EXERCISE AIM ▸ Pictures in the entries below are to be left out; otherwise, reproduce exactly the lines from the first through the line containing "Hi everyone, my".

---------- DATA PROVIDED

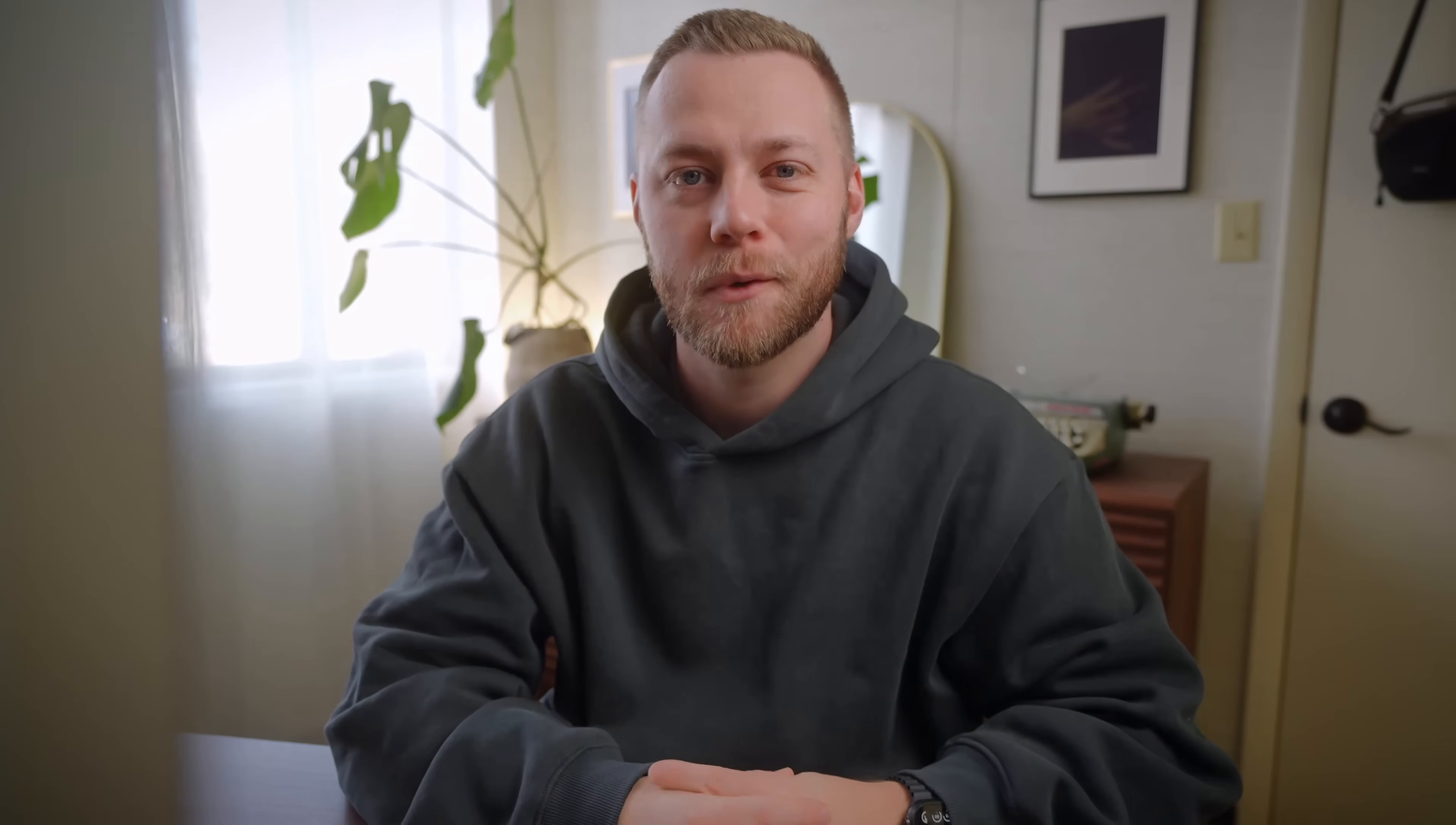So thanks so much for watching. Thanks to Beehive for sponsoring this video. Links in the description. Like this video, if you liked it, subscribe. If you're new, watch this video next. I think you're going to love it and we'll see you all in the next one.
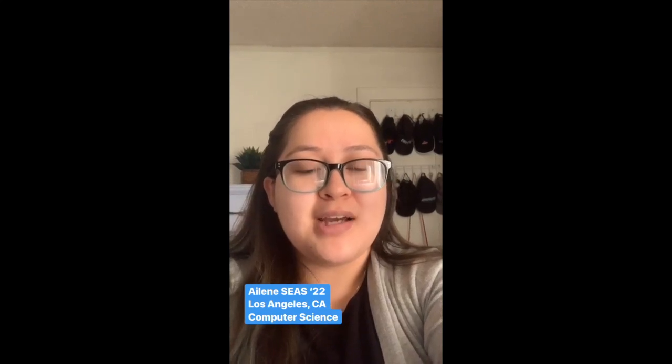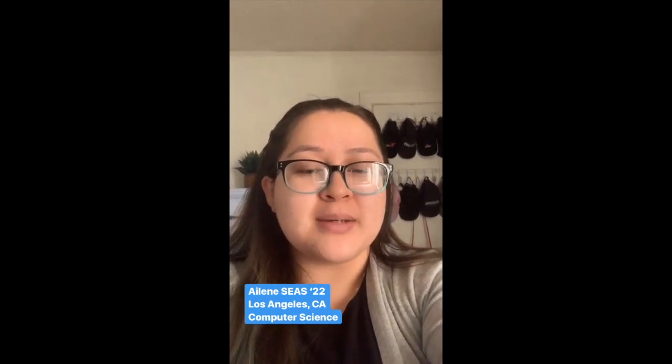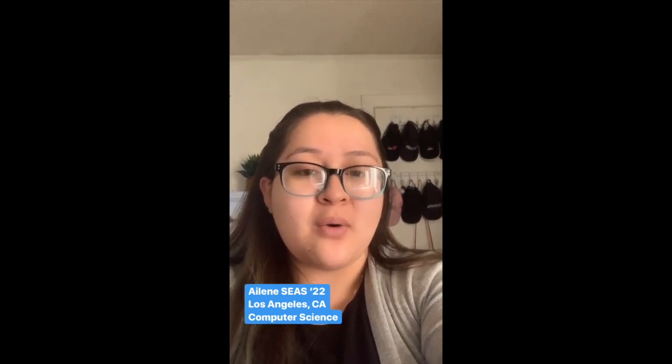Hi everyone, my name is Aileen. I'm a junior at the School of Engineering and I'm studying computer science, and right now I'm at home in Los Angeles, California.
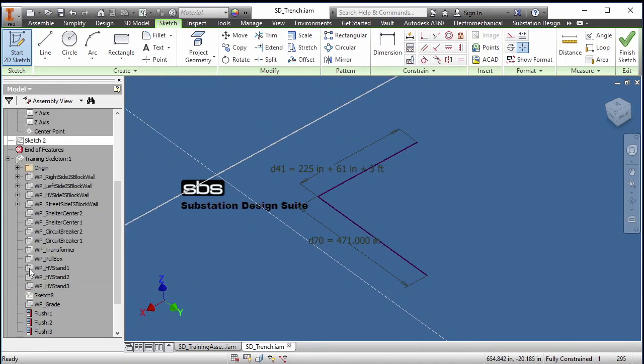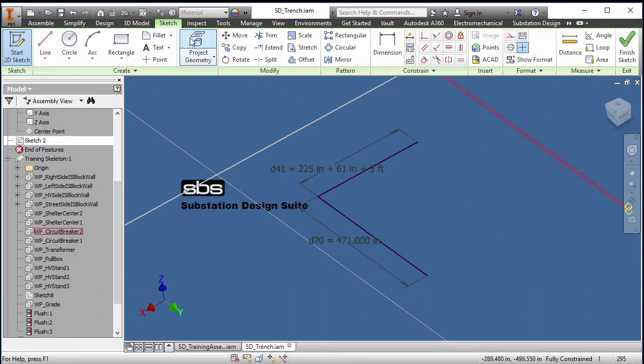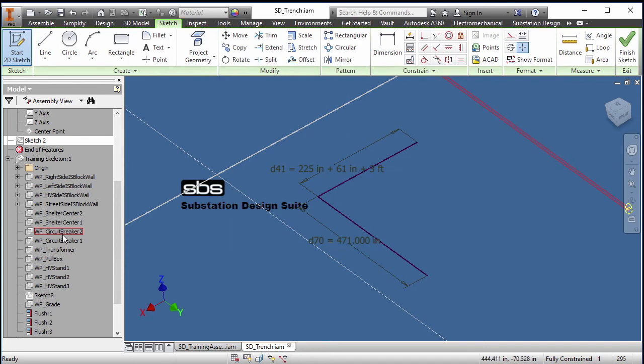I have work planes that I can project onto this sketch, dimension to it, locate it, and then what I need to do is remove those work planes. Usually I would delete the work planes.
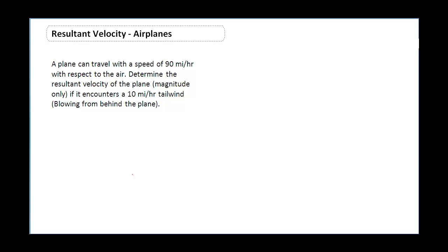What I'm looking for here is my total velocity, or my resultant velocity. The wind can blow from several directions — it can be a sidewind, a headwind, or a tailwind. In this case we're looking specifically at a tailwind of 10 miles per hour, with the plane traveling at 90 miles per hour, and I know I'm receiving a 10 mile per hour wind at my tail.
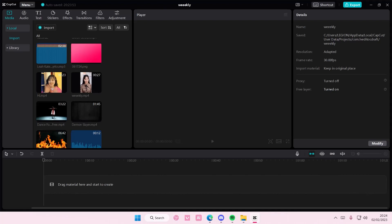Hey guys, and welcome back to this channel. In this video, I'll be showing you guys how you can create an aesthetic phone frame on CapCut PC.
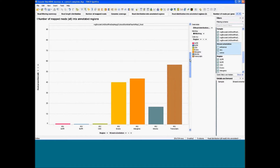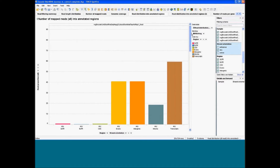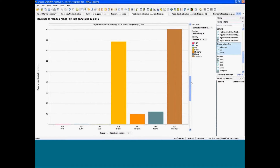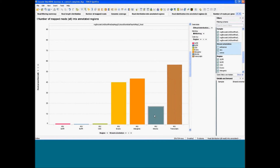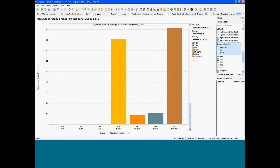Moving further to the nucleus samples, we have a much different profile. You can see much more intergenic and intronic short RNAs in cytosol compared to nucleus, where you have much more exomic reads.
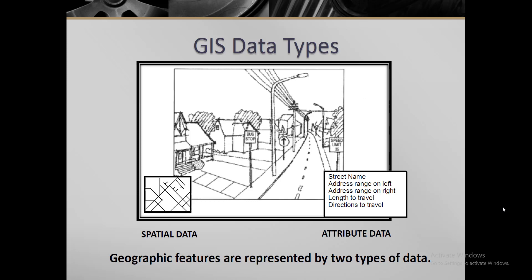The spatial data has two types: one is vector data and the other is raster data. I'm going to discuss raster data in the next videos, but here we will only discuss vector data in more detail.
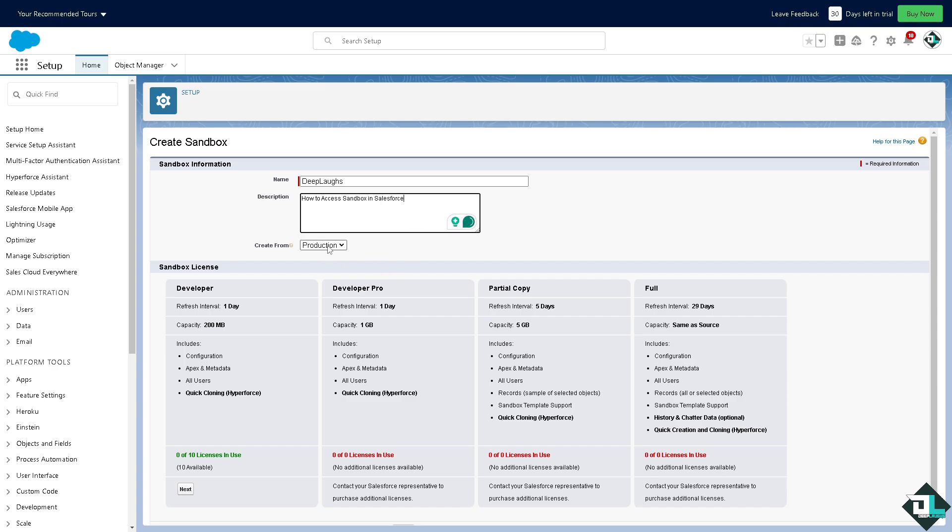You can create from production of course and you have all these options. You can have the sandbox license, one day capacity is 200 MB, it includes all the configuration, Apex data, all users, and all of these. If you wanted to scale up you might want to go for the Developer Pro which is going to be having all these perks and benefits.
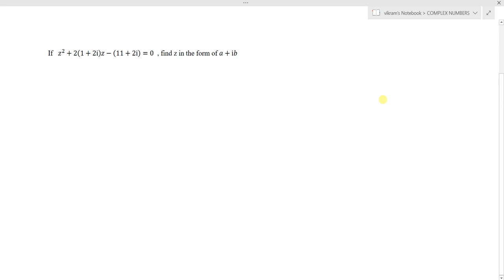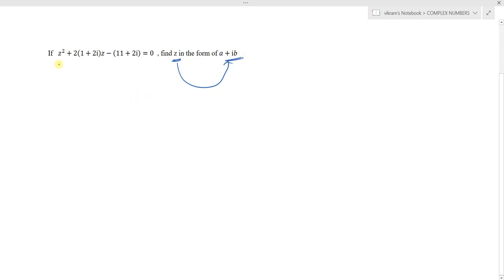Hi students. The question is: if z squared plus 2 times of (1 plus 2i) into z minus (11 plus 2i) equals to 0, then find the value of z in the form of a plus ib. So, the question tells us that z is a complex number, and the equation is given in terms of z.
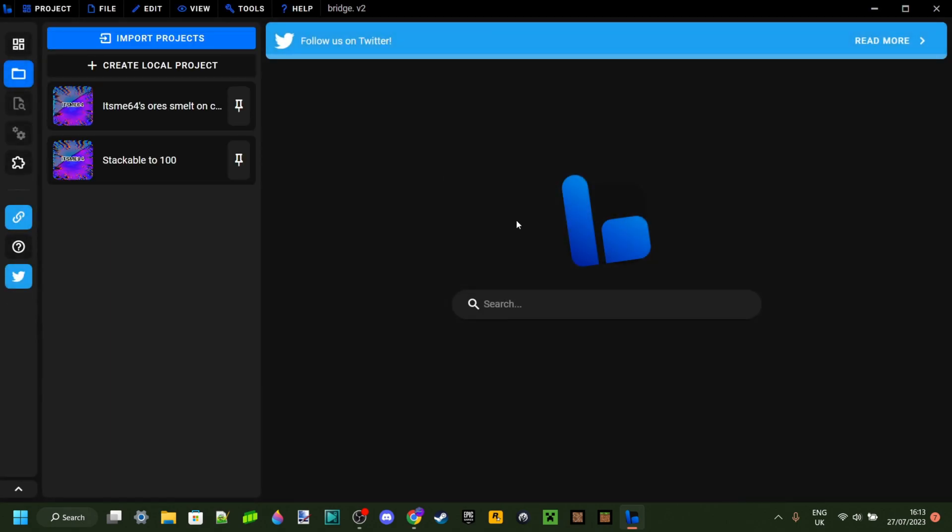If you already have any existing projects, then you should see them listed over here. And that's right, I have a bunch of existing projects. I'll link my page down in the description, and you can check out everything that I've published before. I'd greatly appreciate it.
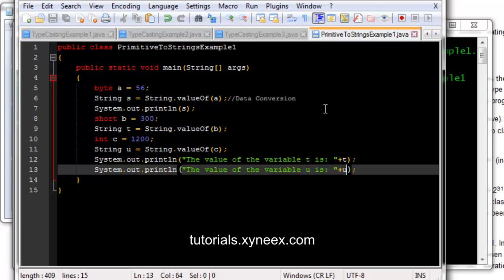How about converting strings to primitives? I'm going to stop there for this particular tutorial. In the next tutorial, we're going to talk about converting strings to primitives. Don't forget to subscribe to our YouTube channel. Don't forget to check out our website. I hope you found this informative and thanks for viewing.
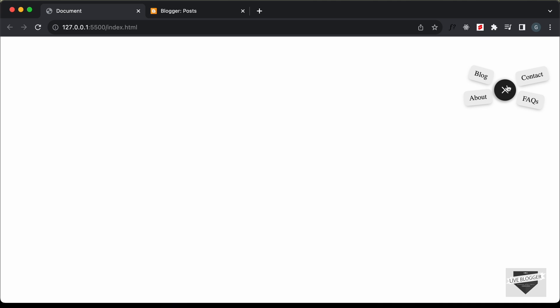Hi everybody, welcome to Live Blogger. In this video I'll show you how to add this floating button to your Blogger website. Here we can see we have this button, and if I click on it we have these options displayed — these are also links so you can click on them and go to that link. Even if you scroll up or down, this button will stay fixed.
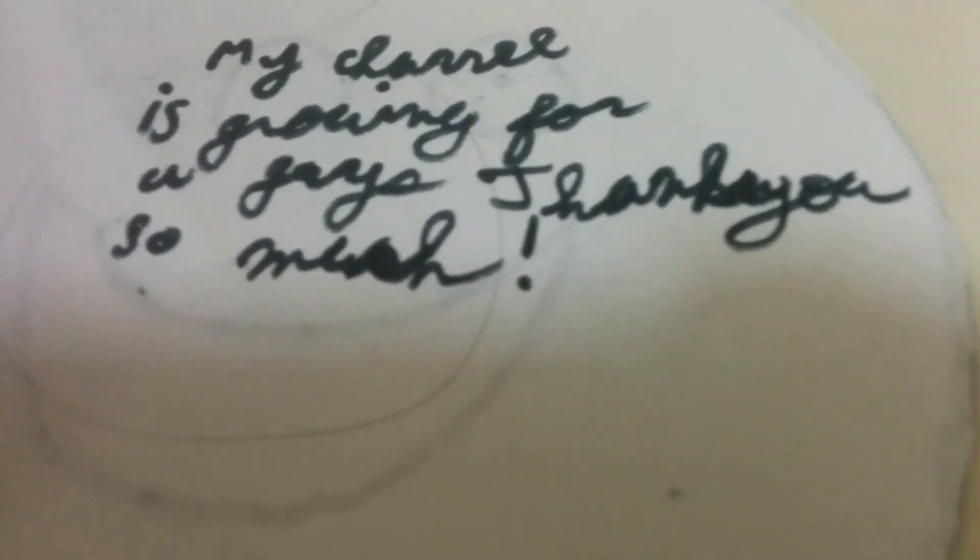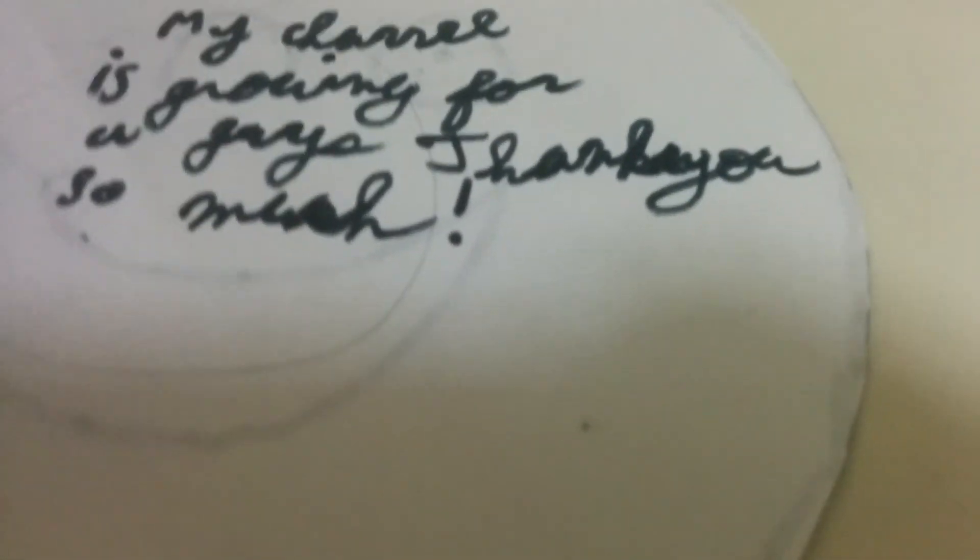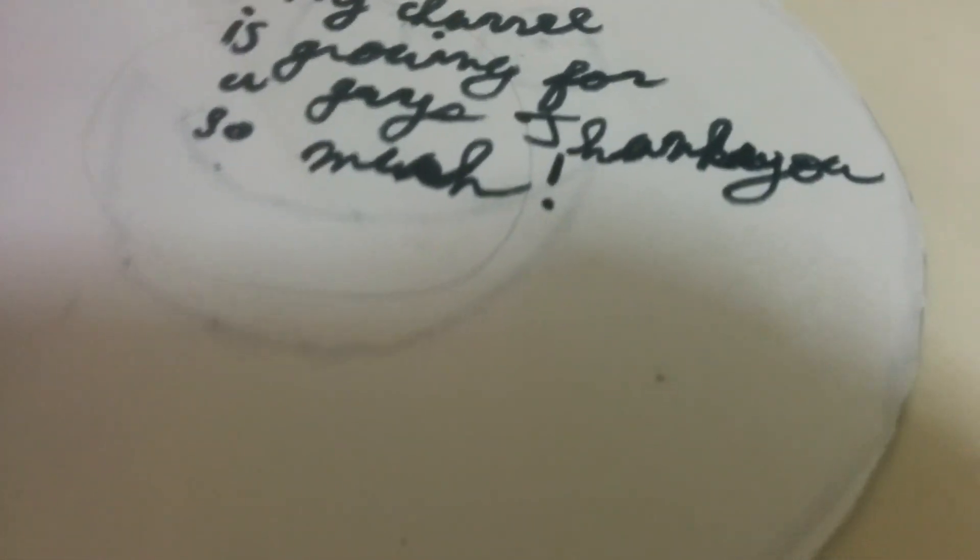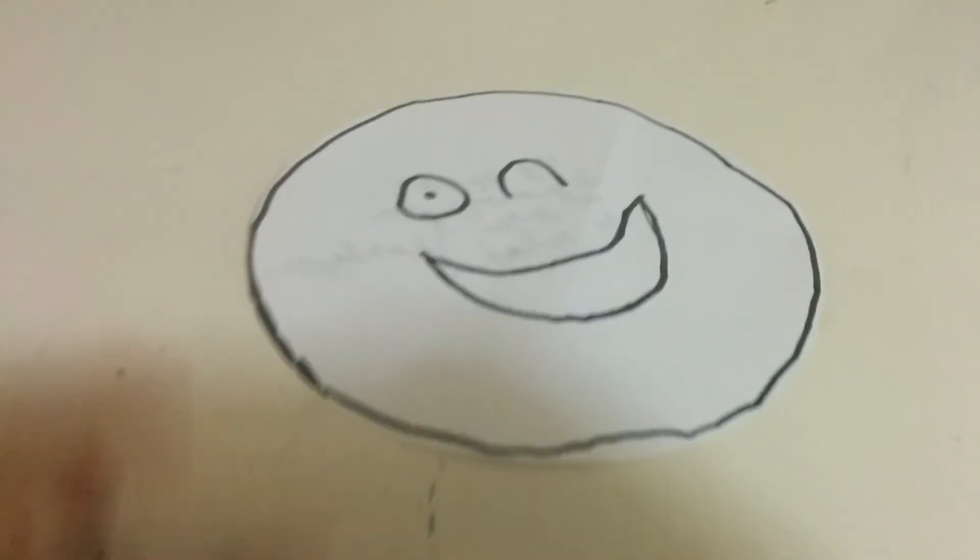also made this emoji. So in the back I just wrote a little short sentence: 'My channel is growing for you guys.' Thank you so much. Basically I just wanted to tell you that, and like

--------------------

ANSWER FOR THE TASK ▸
So thanks so much for watching. Thanks to Beehive for sponsoring this video. Links in the description. Like this video, if you liked it, subscribe. If you're new, watch this video next. I think you're going to love it and we'll see you all in the next one.
Hi everyone, my name is Aileen. I'm a junior at the School of Engineering and I'm studying computer science, and right now I'm at home in Los Angeles, California.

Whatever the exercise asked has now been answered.